▸ **Exercise inputs**
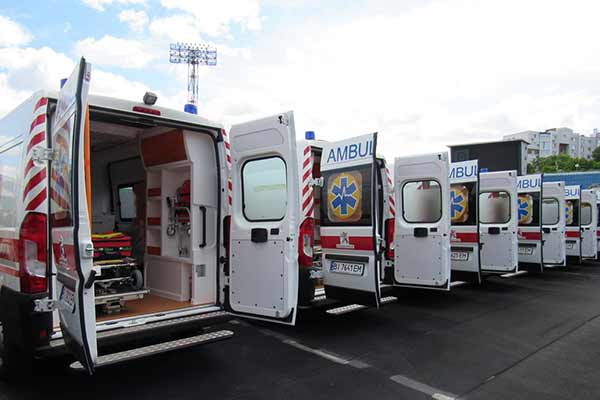 На маршрути Полтавщини згодом виїдуть 49 нових «швидких» На маршрути Полтавщини згодом виїдуть 49 нових «швидких»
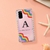 Capa para Galaxy A54 Personalizada Arco-Íris com Inicial Transparente - comprar online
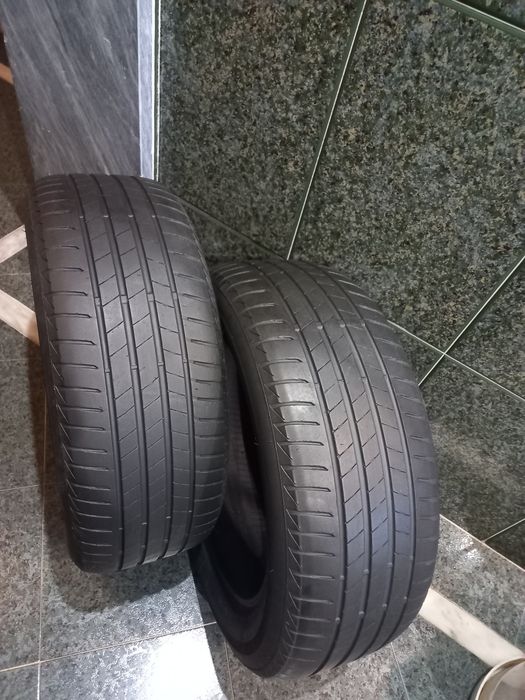 2 Pneus 205 55 r16 , 91v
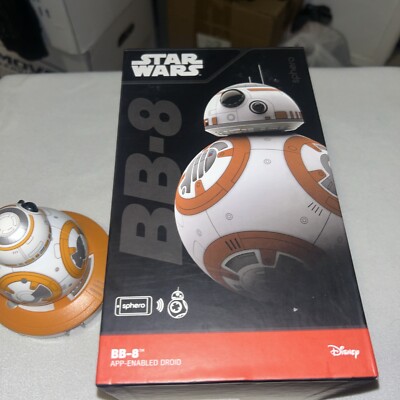 Sphero Star Wars BB-8 Bluetooth White App Enabled Robot Droid Works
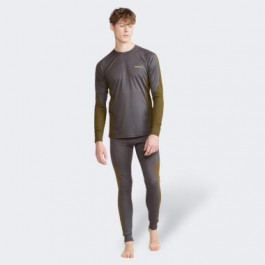   Craft Комплект чоловічої термобілизни Core Dry Baselayer Set Man S Сірий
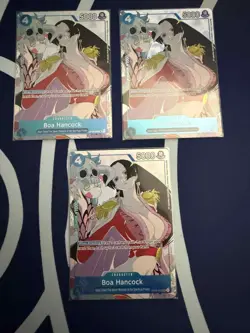Boa Hancock Gift Collection 2023 Character OP02-059 One Piece English NM x3 - Image 1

▸ **What this task involves**
Return word for word the lines from the beginning of the entries through the line that contains "Craft Комплект чоловічої", both ends included, but no pictures.

▸ **Task response**
 На маршрути Полтавщини згодом виїдуть 49 нових «швидких» На маршрути Полтавщини згодом виїдуть 49 нових «швидких»
 Capa para Galaxy A54 Personalizada Arco-Íris com Inicial Transparente - comprar online
 2 Pneus 205 55 r16 , 91v
 Sphero Star Wars BB-8 Bluetooth White App Enabled Robot Droid Works
   Craft Комплект чоловічої термобілизни Core Dry Baselayer Set Man S Сірий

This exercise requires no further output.